Just out of curiosity, what was your injury?


----------



## TheStarkFactor (Mar 12, 2013)

Inguinal hernia and a slight rotatory cuff issue.

Signed off back to the gym, though got to take it easy, have already been for two sessions, but would prefer to stick with the machines until I'm back to full strength.
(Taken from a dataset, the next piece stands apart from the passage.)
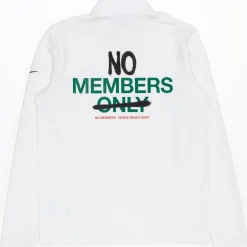 No Members x Nike Victory Half Zip Mid Layer White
Thoughts on the routine, or suggested routines welcomed?


----------



## Mince Pies (Dec 3, 2014)

I started out mainly on machines until i got used to the weight and built some strength. I'd feel lost without some form of free weights in the mix, dumbbell bench press, incline press, overhead press, flyes etc.


----------



## GDawg500 (Feb 2, 2015)

Depends how long ago the injury was but personally I'd go with free weights, and go light. As you know machines provide some resistance and limit your natural movement. If it's your first time back in the gym, and to get your body and muscles back in the swing, I'd go with free weights.


----------



## TheStarkFactor (Mar 12, 2013)

I'll consider going back to free weights, but if I decide not to, or can't just yet, would love to have peoples thoughts on a full body, 5x5.


----------



## eezy1 (Dec 14, 2010)

if the machines were all plate loaded i`d do alright i reckon


----------



## simonthepieman (Jun 11, 2012)

TheStarkFactor said:


> Thanks for the post and suggestions mate. I'm doing stronglifts 5x5 so that should work?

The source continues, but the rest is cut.